### Provided data:
*** Begin section ***
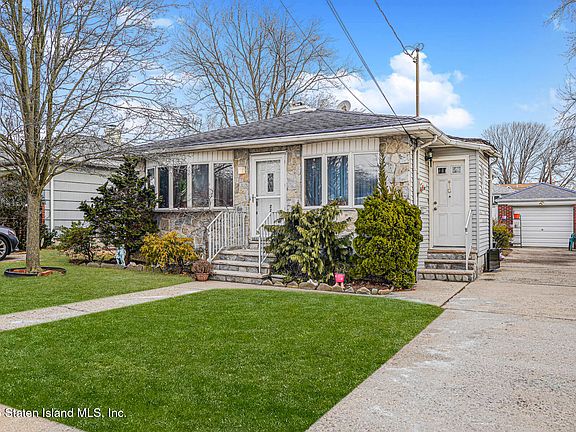2nd image of 227 Fairbanks Ave
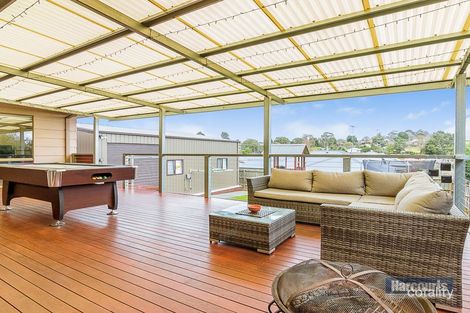 Property photo of 11 Bennett Street Drouin VIC 3818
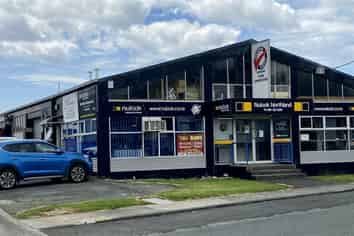 Industrial and showroom in central Kamo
*** End section ***
### Task goal:
Begin with the line containing "Property photo of" and end with the last line of the material above; return exactly those lines, both ends included, and omit all pictures.

### Exercise result:
 Property photo of 11 Bennett Street Drouin VIC 3818
 Industrial and showroom in central Kamo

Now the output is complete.